AS
BUZINAS TOCAVAM SEM CONSTRANGIMENTO!
APELO A
DITADURA E A FALTA DE APROFUNDAMENTO NO DEBATE POLÍTICO
Sou de uma geração de professores de História que, sim,
abertamente consideravam a ditadura militar uma anomalia análoga ao
desenvolvimento da civilidade dos povos. Sabíamos, de forma quase pacífica, que
essas ditaduras eram, inclusive, fruto dos próprios processos inerentes à
civilização, mesmo que fossem contra a civilidade. E eis que, em um processo
aparentemente rápido, uma parcela conservadora da extrema direita começou a
flertar com a opinião pública, ecoando vozes difusas que reivindicam o poder,
ou parte do poder. Em muitos setores da sociedade, inclusive nos assentos
governamentais, seus adeptos estão esfregando as mãos e babando para que o
caldo entorne. De onde vêm esses apelos? Seríamos capazes de tentar explicar
tal fenômeno, inclusive encaixando-o em um arsenal maior de histeria de massa
que comportaria outros fenômenos? Digo dessa forma, depois do tempo enquanto
professor de História, que testemunhou a existência contemporânea de grupos que
pedem a volta da ditadura militar, o cultivo de um poder centralizador, e até
mesmo a existência daqueles que estão dispostos a incensar a volta da
monarquia, com todos os seus penduricalhos estilísticos e toda sua liturgia oca.
Certamente qualquer explicação será uma tentativa aberta para vários
complementos e/ou refutações.

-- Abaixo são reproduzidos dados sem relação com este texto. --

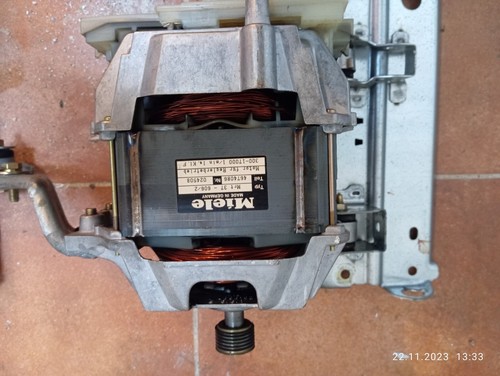 Motor Von Miele Waschmaschine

Isso me faz ver que esse embate se trata de um
terreno minado, mas estou disposto a ouvir uns pipocos aqui e ali.
Uma
das imagens mais curiosas das últimas semanas (estamos no final de maio de
2018) foi passar pela principal avenida de Maceió (AL) e, após quartos de hora
mais impacientes do que de costume no trânsito, chegar em frente ao quartel e encontrar
um grupo acenando e solicitando apoio dos transeuntes à ideia do retorno a
ditadura militar. Pensei bem rápido, sem atentar rapidamente para a dimensão
daquele cenário. Tive a sensação de algo inédito: colocar a mão no queixo, de
forma idiota, e dizer, em voz mediana, que cheguei na idade de afirmar que
nunca tinha pensado em assistir a tal cena. De tão aterradora, a cena me tirou
a capacidade imediata de reflexão, entretanto, meio malcriado, baixei o vidro
do carro e resmunguei para o guarda de trânsito, que estava acenando ao caos,
que aquilo era uma loucura. Vi senhoras distintas e homens de qualquer classe
social, semelhantes a Adolf Eichmann, militar nazista analisado por Hannah
Arendt no clássico Eichmann em Jerusalém –
Um relato sobre a banalidade do Mal. Eles eram loucos? Monstros? Criaturas
bizarras no primeiro olhar? Não, categoricamente! Eram cidadãos comuns, certamente
cumpridores dos seus deveres, mas ansiosos por serem partícipes de uma nova
ordem, que consideravam melhor, mais justa e pacífica. Estavam, de forma
ordeira e cidadã, no aguardo de um messias que trouxesse a ordem ao caos e
estavam atentos para auxiliar que essa ordem se instale. O nosso messianismo
político, aguardando o mais selvagem dos “salvadores” de plantão – o militar.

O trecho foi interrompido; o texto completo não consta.